Import all necessary packages
Langchain is a python library that helps us integrate an LLM into the code

Set api's as env variables and access them here

In [1]:
import langchain # Main LangChain import
from langchain_openai import ChatOpenAI # To work with OpenAI
from langchain_anthropic import ChatAnthropic # To work with Anthropic (optional)
from langchain_google_genai import ChatGoogleGenerativeAI # To work with Gemini (optional)
from langchain_core.output_parsers import JsonOutputParser # To help with structured output
from langchain_core.prompts import PromptTemplate # To help create our prompt
from langchain_core.pydantic_v1 import BaseModel, Field # To help with defining what output structure we want

from typing import List, Tuple
import os
import json

# Get api key for chatgpt
chatgpt_api = os.getenv('CHATGPT_API_KEY')
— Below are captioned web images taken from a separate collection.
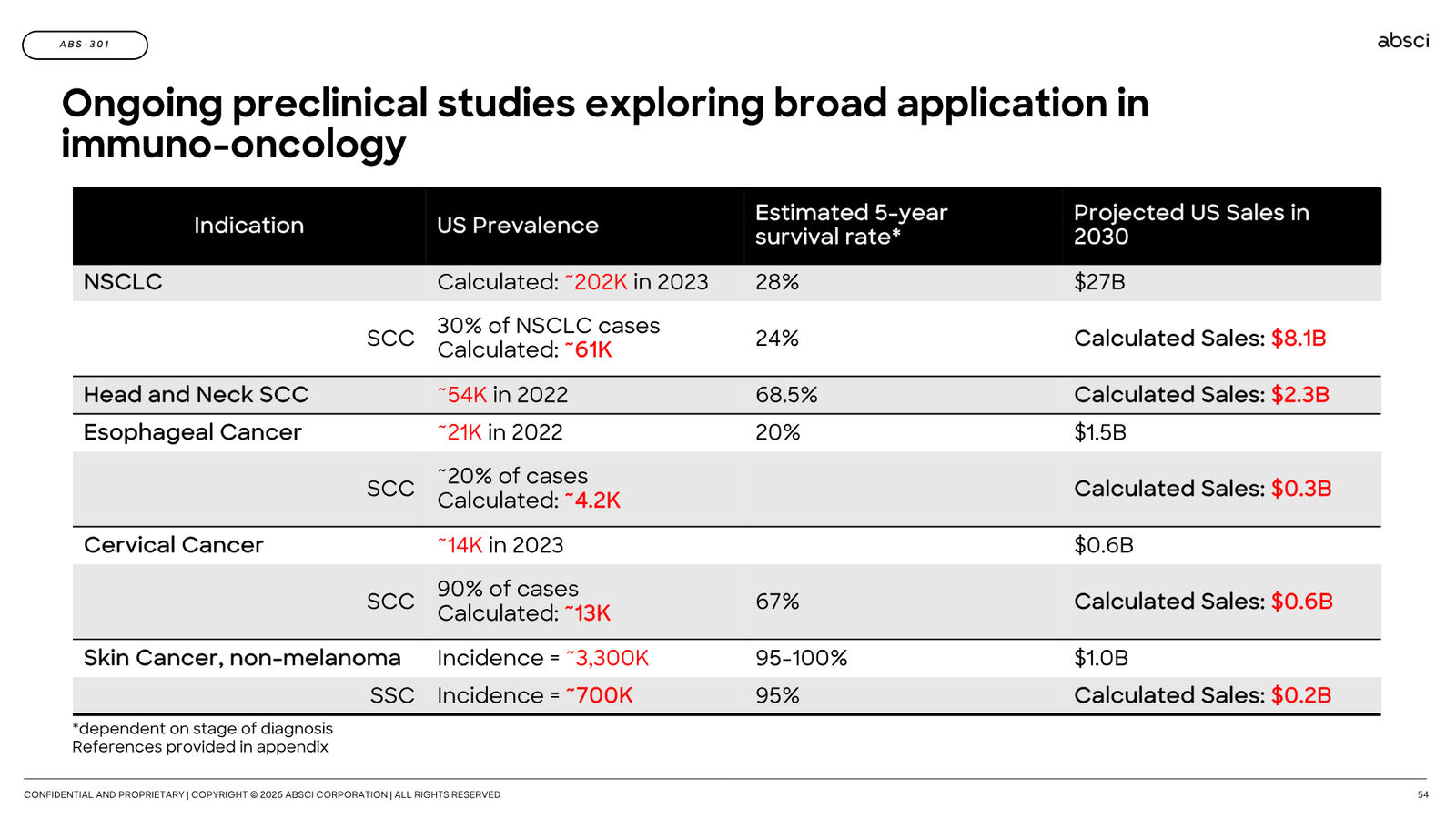 Corporate Presentation March 2026 — Generative AI Drug Creation — slide 54 of 79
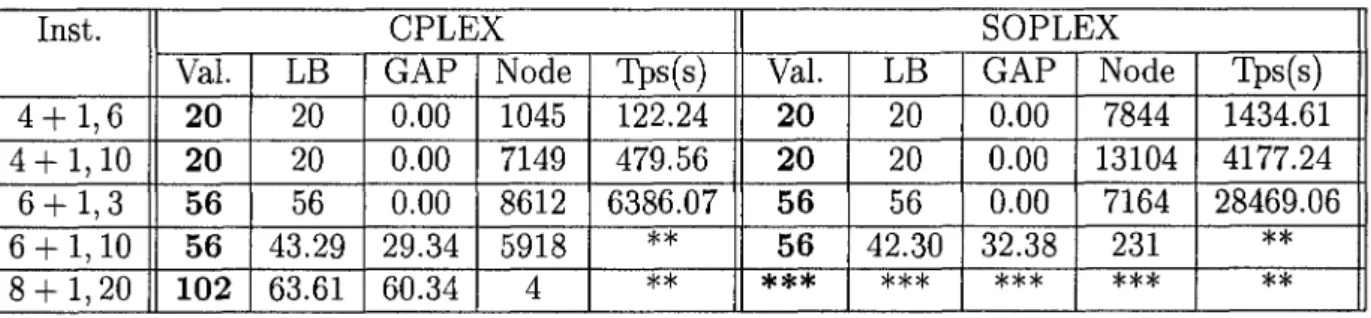 TABLE  4.4 - Resultats Travaux III - Sous cas 1 : Solveurs CPLEX et SOPLEX 
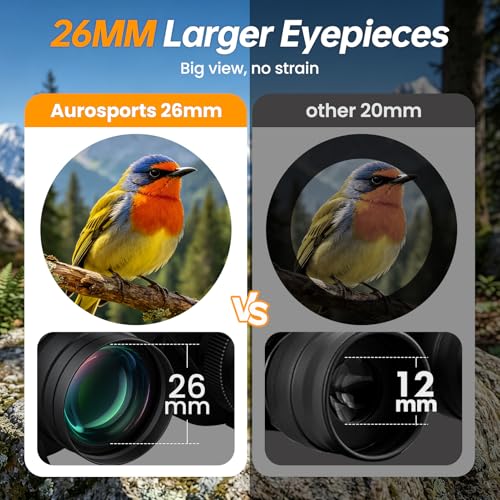 Aurosports 20x70 Binoculars for Adults High Powered Cruise Ship Binocular | Low Light Vision, Large View, Bird Watching, Hunting, Hiking, Stargazing, FMC BAK4 Prism, Gifts for Men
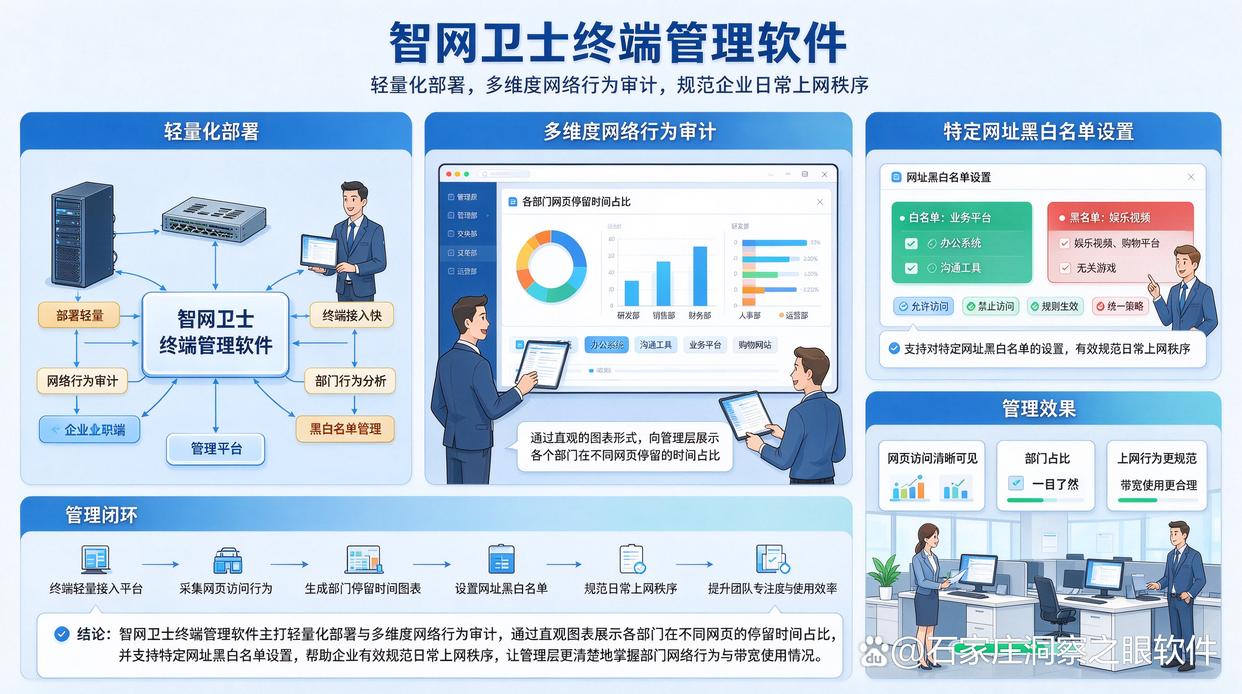 上网行为监控软件怎么选？分享六个能实时监控员工上网行为的上网行为监控软件，快来试试(图7)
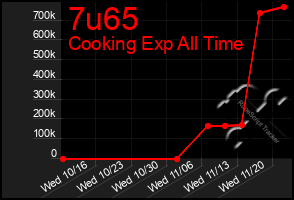 Total Graph of 7u65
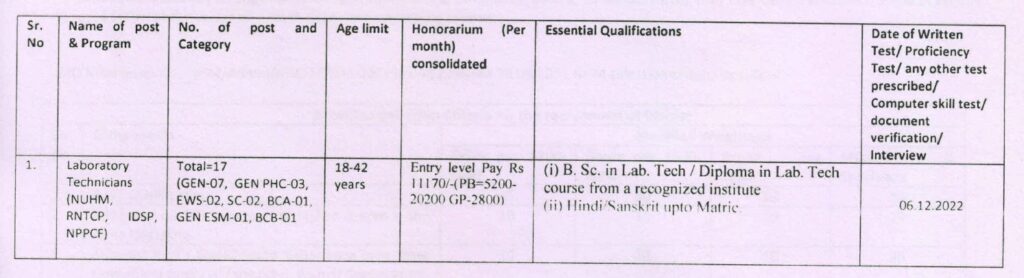 NHM Haryana Recruitment - 1200 Staff Nurse, Laboratory Technicians & Other Best Job Vacancy 2022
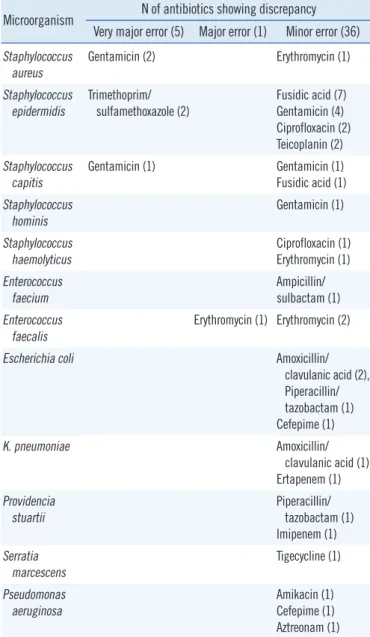 Table 3. Microorganism/antimicrobial agent combinations showing  discrepancy between the results by the direct method and those by  the standard method in antimicrobial susceptibility test by Vitek 2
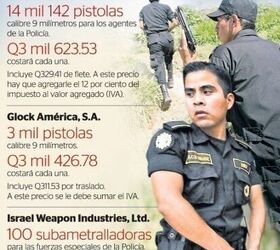 Guatemala to buy guns from IWI, Glock & Beretta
Change to the directory where the tests are stored

In [2]:
dataset_dir = '/Users/vitsiozo/Desktop/MSc AI/Modules/Project/ARC/datasets/arc-prize-2024'

print ("Files included")
for dirname, _, filenames in os.walk(dataset_dir):
    for filename in filenames:
        print(os.path.join(dirname, filename))

Files included
/Users/vitsiozo/Desktop/MSc AI/Modules/Project/ARC/datasets/arc-prize-2024/arc-agi_evaluation_solutions.json
/Users/vitsiozo/Desktop/MSc AI/Modules/Project/ARC/datasets/arc-prize-2024/arc-agi_test_challenges.json
/Users/vitsiozo/Desktop/MSc AI/Modules/Project/ARC/datasets/arc-prize-2024/arc-agi_training_solutions.json
/Users/vitsiozo/Desktop/MSc AI/Modules/Project/ARC/datasets/arc-prize-2024/sample_submission.json
/Users/vitsiozo/Desktop/MSc AI/Modules/Project/ARC/datasets/arc-prize-2024/arc-agi_training_challenges.json
/Users/vitsiozo/Desktop/MSc AI/Modules/Project/ARC/datasets/arc-prize-2024/arc-agi_evaluation_challenges.json


Define the evaluation and training challenges and solutions in a dictionary called task_sets

In [3]:
task_sets = {
    'training' : {
        'challenges' : '/Users/vitsiozo/Desktop/MSc AI/Modules/Project/ARC/datasets/arc-prize-2024/arc-agi_training_challenges.json',
        'solutions' : '/Users/vitsiozo/Desktop/MSc AI/Modules/Project/ARC/datasets/arc-prize-2024/arc-agi_training_solutions.json',
    },
    'evaluation' : {
        'challenges' : '/Users/vitsiozo/Desktop/MSc AI/Modules/Project/ARC/datasets/arc-prize-2024/arc-agi_evaluation_challenges.json',
        'solutions' : '/Users/vitsiozo/Desktop/MSc AI/Modules/Project/ARC/datasets/arc-prize-2024/arc-agi_evaluation_solutions.json',
    }
}

Load the tasks from the files and return the challenges and solutions tasks

In [4]:
def load_tasks_from_file(task_set):
    
    with open(task_set['challenges'], "r") as tasks:
        challenges = json.load(tasks)

    with open(task_set['solutions'], "r") as tasks:
        solutions = json.load(tasks)

    return challenges, solutions

In [5]:
challenges, solutions = load_tasks_from_file(task_set=task_sets['training'])
challenges['746b3537']

{'test': [{'input': [[1, 1, 2, 3, 3, 3, 8, 8, 4],
    [1, 1, 2, 3, 3, 3, 8, 8, 4],
    [1, 1, 2, 3, 3, 3, 8, 8, 4],
    [1, 1, 2, 3, 3, 3, 8, 8, 4]]}],
 'train': [{'input': [[1, 1, 1], [2, 2, 2], [1, 1, 1]],
   'output': [[1], [2], [1]]},
  {'input': [[3, 4, 6], [3, 4, 6], [3, 4, 6]], 'output': [[3, 4, 6]]},
  {'input': [[2, 3, 3, 8, 1], [2, 3, 3, 8, 1], [2, 3, 3, 8, 1]],
   'output': [[2, 3, 8, 1]]},
  {'input': [[2, 2], [6, 6], [8, 8], [8, 8]], 'output': [[2], [6], [8]]},
  {'input': [[4, 4, 4, 4],
    [4, 4, 4, 4],
    [2, 2, 2, 2],
    [2, 2, 2, 2],
    [8, 8, 8, 8],
    [3, 3, 3, 3]],
   'output': [[4], [2], [8], [3]]}]}

Setting up the LLM for access

In [6]:
llm = ChatOpenAI(model='gpt-4o', api_key=chatgpt_api, max_tokens=3000)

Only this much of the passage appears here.